[Book Reviews] War and dancers

Aug 29, 2013 01:48

So very behind on book reviews that I'm clumping them together by topic. All the poetry is next, though Martha Graham's autobiography below (which I *loved*) could really have gone in either warriors or poets.

I picked up Harvey Molotch's "Against Security: How We Go Wrong at Airports, Subways, and Other Sites of Ambiguous Danger" from Bruce Schneier's favorable review of it. I had the fairly strange experience of reading it, substantially agreeing with more than half of the author's recommendations, both with and without my professional hat on, and then getting to his final chapter about Hurricane Katrina and suddenly being all, "No. NO. No." The vehemence of my disagreement with his concluding chapter recommendations there caused me to go back and re-evaluate my prior agreement... was there something that I missed? (And, largely, no -- it's a matter of filters. When we mostly agree, I tend to gloss over the parts that I non-strongly disagree with. "Okay, he's wrong there, but these other four things are good ideas!" It takes a hard stop to make me re-evaluate like that. The disagreements were there all along, they were just minor or dismissably infrequent until they weren't. Almost no one gets their policy way *all* the time, so some wrong is acceptable. Heh.) But he has interesting things to say about how structuring your society as a police state and treating the public as distrusted possible hostiles rather than as citizens vested in the outcome not only create a society we find less pleasant to live in, but also can actively impede security doing an effective job.
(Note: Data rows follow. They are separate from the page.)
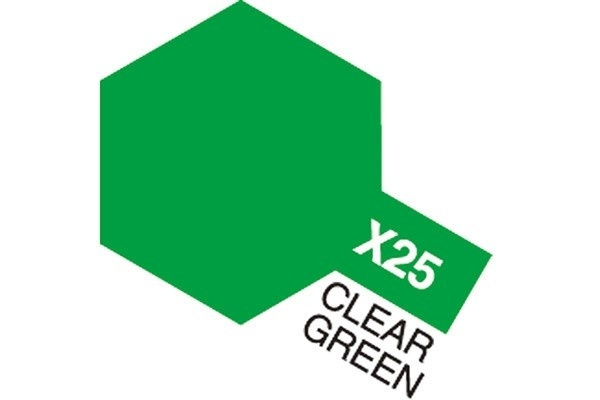 Acrylic Mini X-25 Clear Green in the group Sport, leisure & Hobby / Hobby / Hobby colors / Tamiya / Water-based at TP E-commerce Nordic AB (A05801)
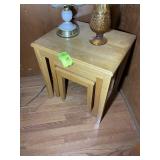 STACKING TABLES, 21 IN X 17 IN X 22 IN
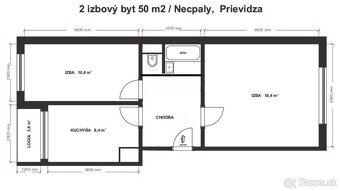 Stredový 2 izbový byt s logiou a výhľadom,NECPALY Gazdovská - 2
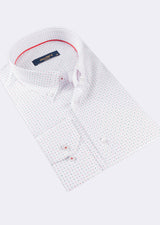 White - Navy Long Sleeve Shirt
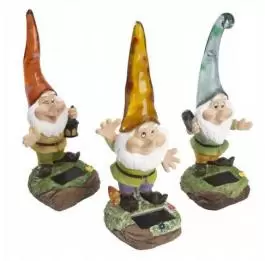 Solarna lampa MORGANITE fiberston plavi patuljak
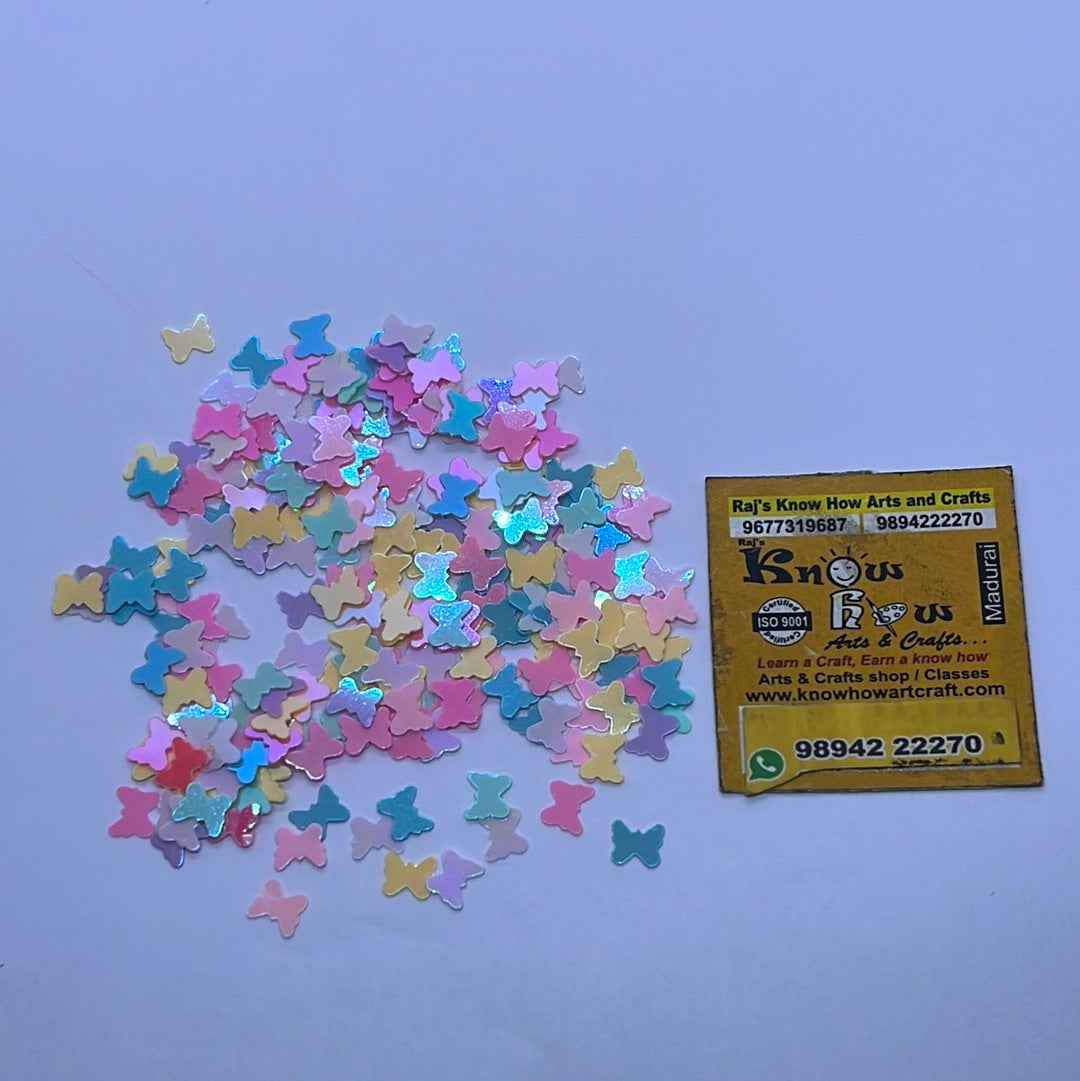 Rainbow butterfly resin glitter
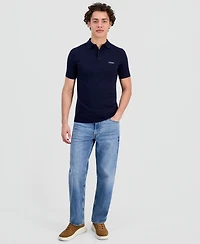 Guess Men's Lex-Knit Spread Collar Polo Shirt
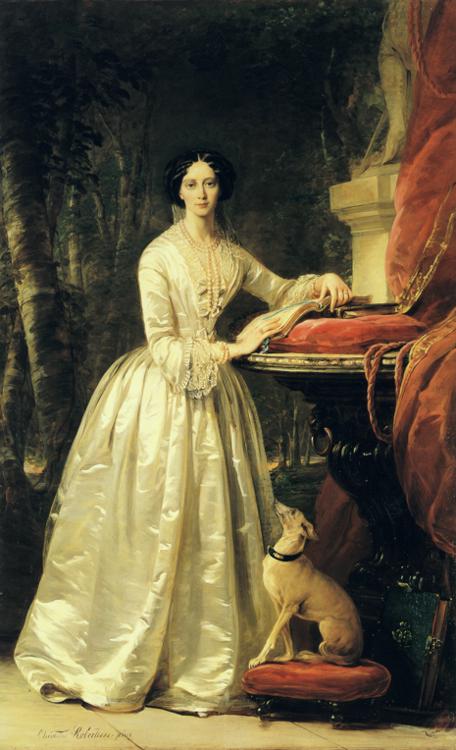Oil painting:Portrait of Grand Duchess Maria Aleksandrovna. c. late 1840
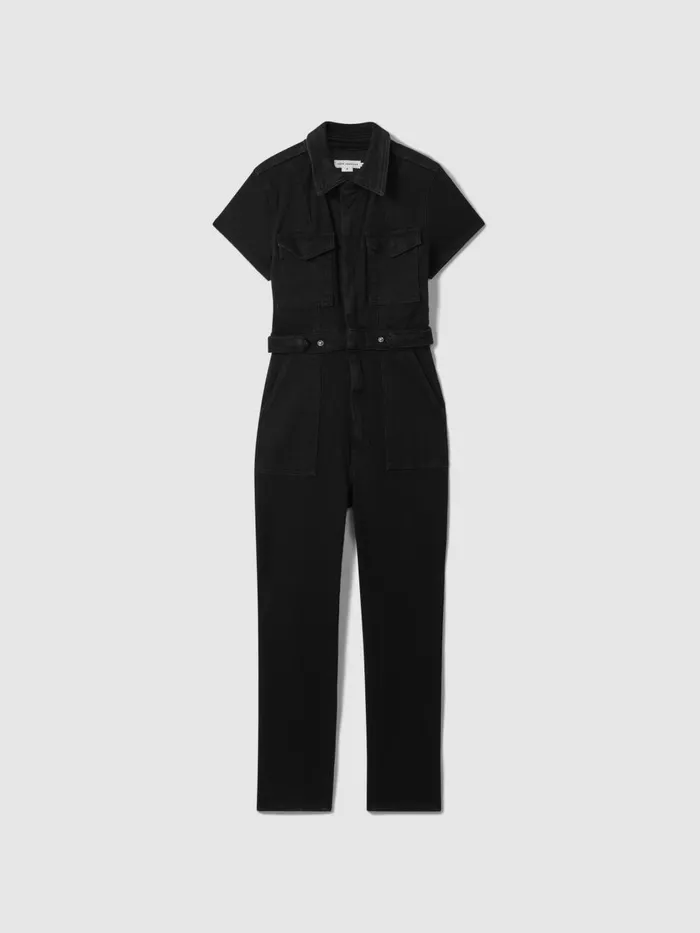 Women Reiss Jumpsuits and Playsuits American Good American Denim Jumpsuit Black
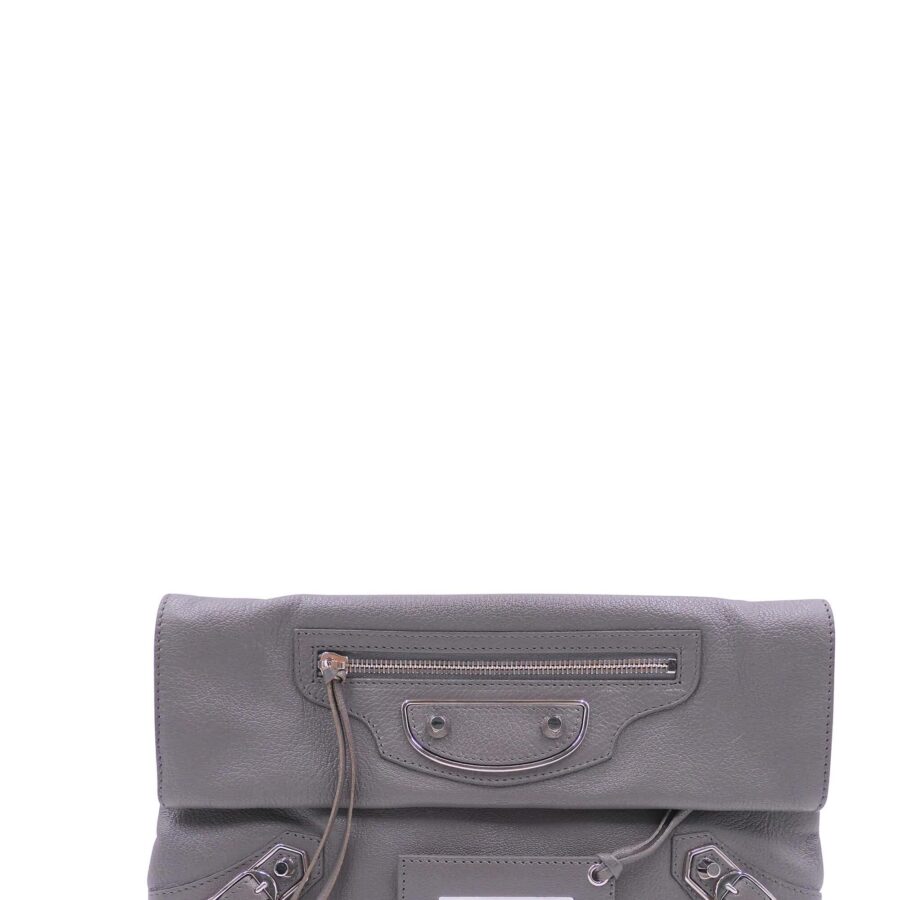 Designer Clutch grey bag – front view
With my professional hat on, I have assuredly seen these cases.

Molotch calls for the use of individual wise judgment in cutting through red tape, and the ability of people on the ground to see what's actually going on and be the ones making the snap decisions when something goes badly. When you have smart people on the ground, this is good, and I'm generally in favor of people who know better disobeying orders to save lives and do good. The difficult point that he doesn't well address is -- do you actually know better, or do you just think you do? I have been in emergency situations where you really do need people to just follow orders because there isn't time to argue about it, you'll all die if you stop to have the argument. And I've been in emergency situations where the existence of bureaucracy and slow or bad decision-making at the top stymied an effective response, misdirected resources, and could have cost lives. So, much like civil disobedience... if you're going to buck the system and go ronin, are you prepared to live with the penalties of being wrong? (I would be *fascinated* to see a good study on learning and correct/incorrect estimation of defying orders there. Does Dunning-Kreuger rule? Do people too incapable to know they're incapable disobey more, to the cost of everyone? Or do people who are prepared to go against the weight of procedure, bureaucracy, or law have a better-than-average chance of being right in their judgments?) Molotch mostly showcases the successful rebels, and that's a compelling story. But how do we isolate and repeat those good bottom-up decisions in a way that improves the general outcome? If I knew that, I'd be a director or a strategist. [grin] Three and a half well designed restrooms out of five; I would totally be happy with Molotch's genderless restroom.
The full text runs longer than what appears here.